A central question is whether playing a hand or two of solitaire has a dramatic effect on the bottom line - or if it actually helps productivity by giving workers a low-stress outlet in otherwise frantic days. It all points to industry and government trying to make sense of how costs accumulate on personal time, and what role ubiquitous technology - with its entertaining byproducts - has on labor and productivity.
To Mr. Sepp at the Taxpayers Union, it's not just a matter of gaming opportunities; workers' own attitudes and industriousness are just as big a problem or a boon. "The question is: Should the rules and laws look at not just opportunity, but also motive and behavior, because, quite frankly, that's part of the problem," he explains.
It's a special PR problem, of course, for the state workers who toil in plain, tidy buildings that dominate this city. After all, though they keep the state running smoothly for the most part, the public isn't shy about expressing disapproval - as happened recently in Raleigh, when state and city crews couldn't stop a half-inch of snow from causing the city's worst-ever traffic snarl.
For their part, IT workers here in North Carolina say lawmakers are playing the wrong hand. Calling the proposed law a slap in the face, they say it plays into what they say are undeserved stereotypes of bureaucrats doing their jobs with blank faces and zombie-like shuffling across the floor.
Now, say some, state government is doing what private industry has long practiced: expecting more work from fewer workers.
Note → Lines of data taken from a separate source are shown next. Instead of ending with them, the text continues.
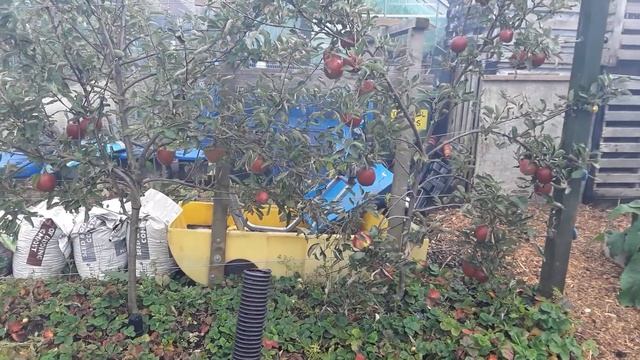 Winter Cabbage ♻️ Red Duke Of York Potato Reveal ♻️ Harvesting My Braeburn Apples Before The Rats смотреть онлайн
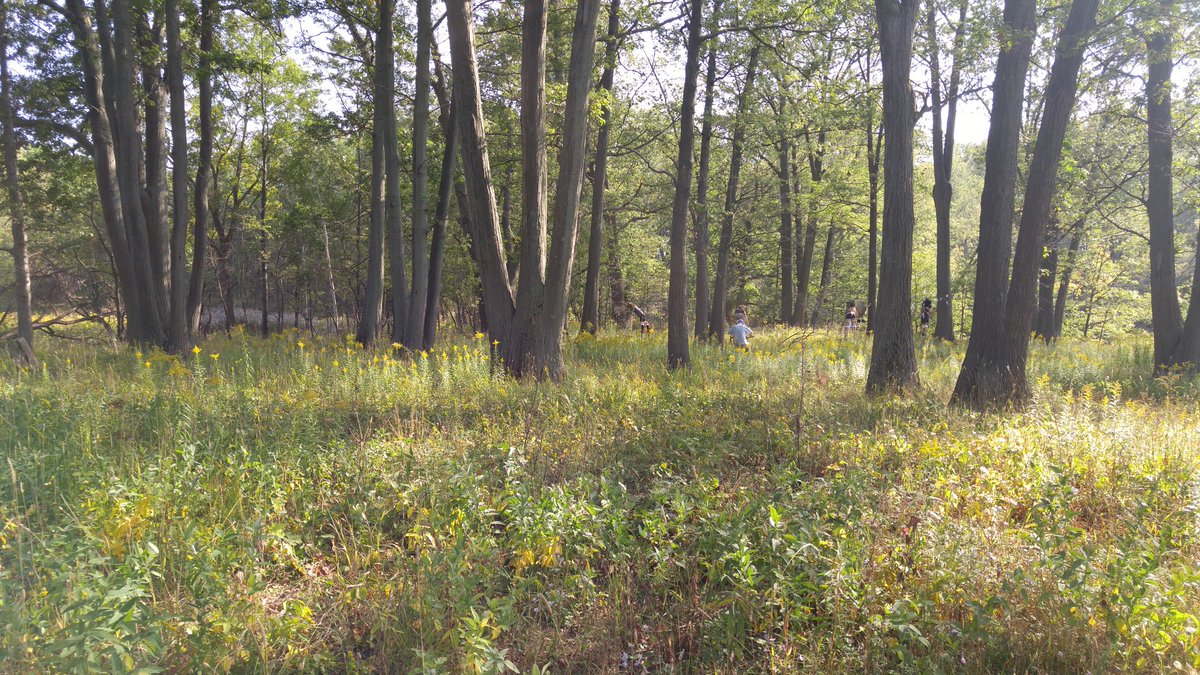 CandyVenni's tweet image. If you go down to the woods today....#ParadiseProject #Hamont #PrincessPoint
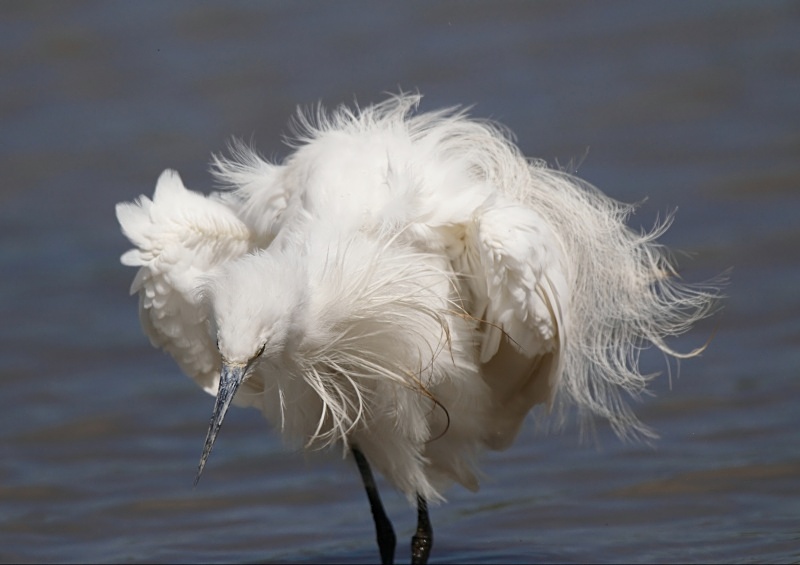 12 - Little Egret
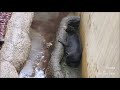 マレーグマのアズマ「泥んこ遊び」＠上野動物園 azuma the sun bear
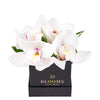 Simple Orchid Gift Box, cymbidium orchids elegantly presented in a black square designer hat box, Floral Gifts from Blooms New Jersey - Same Day New Jersey Delivery.
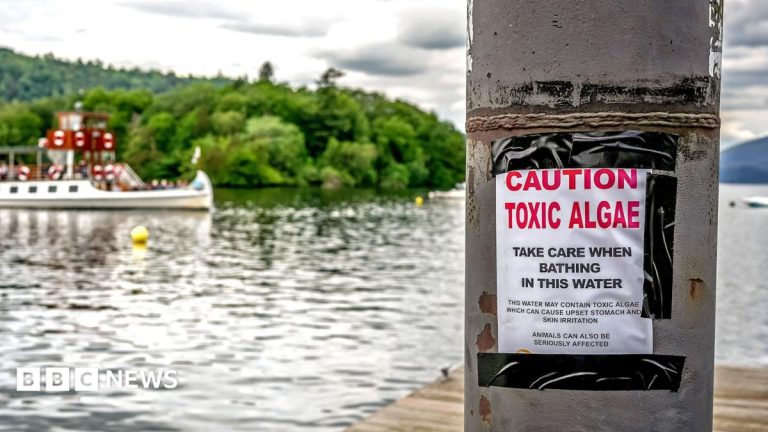 Majority of England’s rivers and lakes fail new environmental review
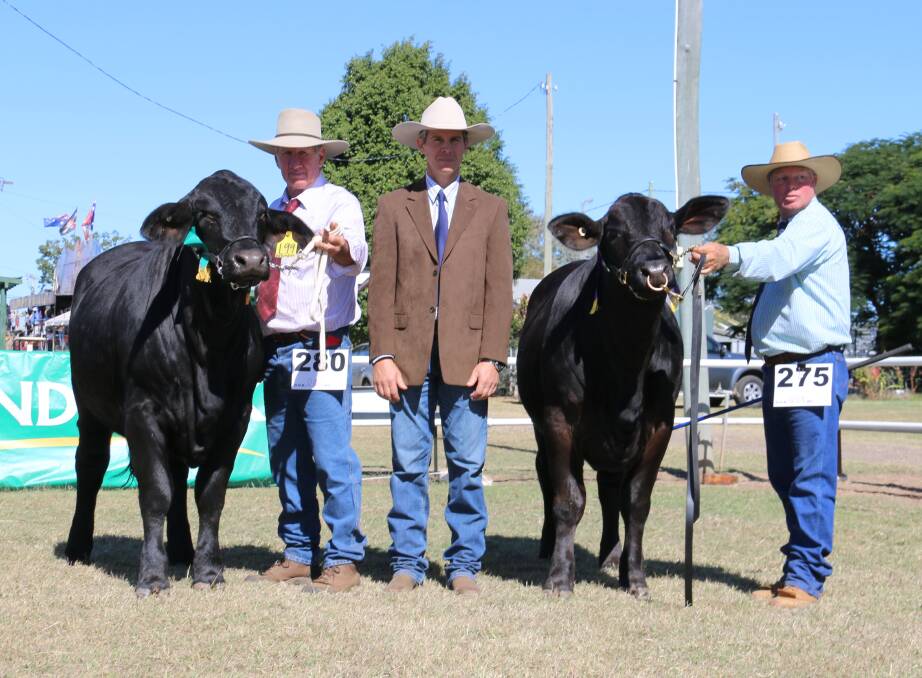 Reserve Junior Champion Female, Beejay Ladybird, Greg Magee, Capella, Graham Harvey, Judge, Junior Champion Female, Diamond Valley Miss Foundation, Les Lee, Leegra Fitting Services. Picture: Julie Sheehan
That leaves little time in the normal workday for twiddling thumbs.
"A popular view of government is that you sit around and take a day to sharpen a pencil, but it's not like that," says one woman in North Carolina's Department of Cultural Resources public-affairs office. "When I was not in state government, sure I'd see [some people playing games], but it's quite the opposite here. People are just scrambling to get their work done within a normal business day."
Labor experts say the efficiency tack is reminiscent of factory-efficiency studies in the 1920s, where analysts tried to break down the mechanics of assembly-line behavior - why does it take a certain amount of time for a worker to tighten a bolt? The problem? "Managers lost sight that workers are real people, not robots," says Scott Kirwin, the founder of the IT Professionals Association of America in Wilmington, Del.
"Managers, and in this case politicians, don't know how to effectively utilize the people they're in charge of - and that's one cause of offshoring these jobs," he says. "You have to ask yourself, if someone is so bored that playing solitaire is stimulating, then the problem is not with the game, it's with the job."
And despite employers' fears about a sinking bottom line, some say the legislation, if passed, would cost more than it would save, since the state would have to send out teams to each location and erase the games by hand. And what would stop workers from downloading them again?
Others insist the problem that the bill attempts to solve is difficult, if not impossible, to quantify.
"It's easy to allege that a lot of people are playing solitaire, but it's harder to document how many people actually are," says Dr. Burris, the coauthor of "Technocratic Teamwork.